The instructions required the jury to find that the defendant '* * * did sell * * *' the controlled substances. The statutes require only that distribution be proved. Distribution is defined in terms of 'delivery.' State v. McHorse, 85 N.M. 753, 517 P.2d 75 (Ct.App.1973). Delivery is defined as, '* * * the actual, constructive or attempted transfer from one person to another of a controlled substance. * * *' Section 54--11--2(G), N.M.S.A. 1953 (Vol. 8, pt. 2, Supp. 1973). No element of remuneration is required as the use of 'sale' tends to imply. In INSTRUCTION NO. 3 the court omitted any mention of mental state when it indicated the 'material allegations' to be proved. Yet § 54--11--20(B), supra, relating to the heroin count, makes it unlawful to, '* * * intentionally traffic. * * *' Section 54--11--22(A), supra, relating to the marijuana count, makes it unlawful to, '* * * intentionally distribute or possess with intent to distribute. * * *' Although the entrapment instruction mentions 'intent,' it does not say what must be intended. If the trial court had quoted the statutes, the jury would have learned that the trafficking of heroin and the distribution of marijuana had to be intentional. Even the titles of the two statutes involved were incorrectly stated. On this record, we cannot say that the jury was charged substantially in terms of the statutes.

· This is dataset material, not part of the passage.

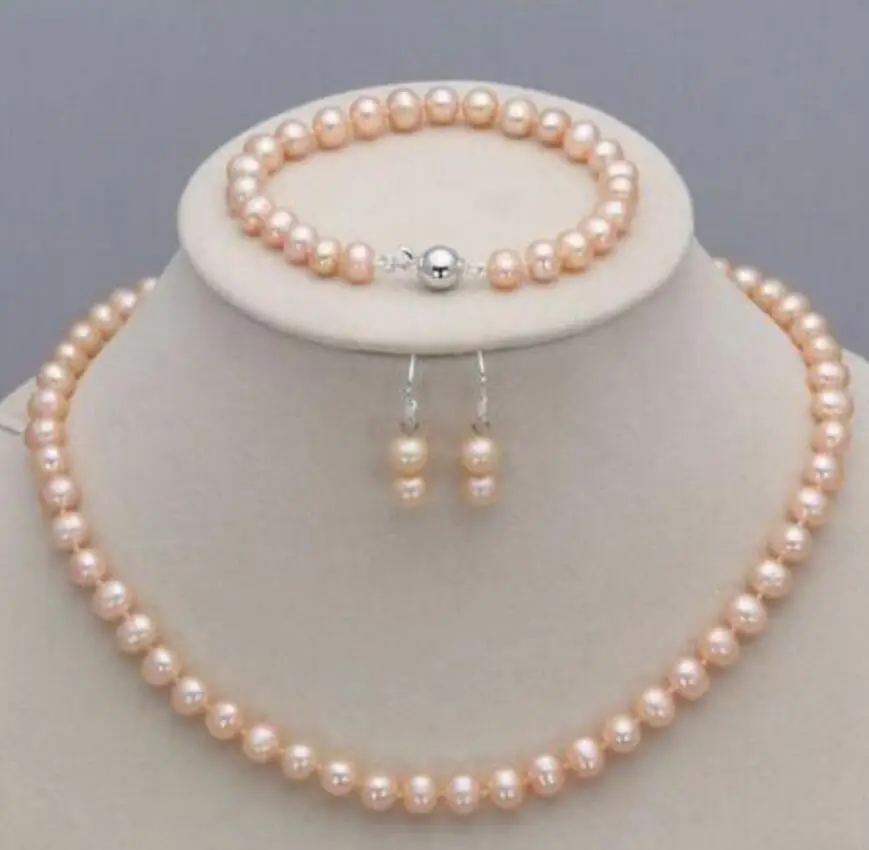 

new hot Genuine 6-7mm Natural Pink Freshwater Pearl Necklace Bracelet Hook Earrings Set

Since we hold that the trial court failed to instruct upon general criminal intent, we need not discuss the requirements for a sufficient instruction upon specific intent.

We deal with defendant's other contentions only briefly. The chain of custody issue is governed by our decision in State v. Chavez, 84 N.M. 760, 508 P.2d 30 (Ct.App.1973), and cases cited therein. The possibility of tampering with the evidence was too remote to require its exclusion. Defendant's own testimony contained sufficient evidence to convict him of aiding and abetting the distribution of marijuana. He testified that Baird, the seller, handed him two 'lids' of marijuana which he in turn handed to Kelly, the undercover agent. This is aiding and abetting the 'actual transfer' of marijuana. See § 54--11--2(G), supra. Defendant's arguments on sufficiency of the evidence and constitutionality are related to the sale of marijuana. Since sale is not involved in a...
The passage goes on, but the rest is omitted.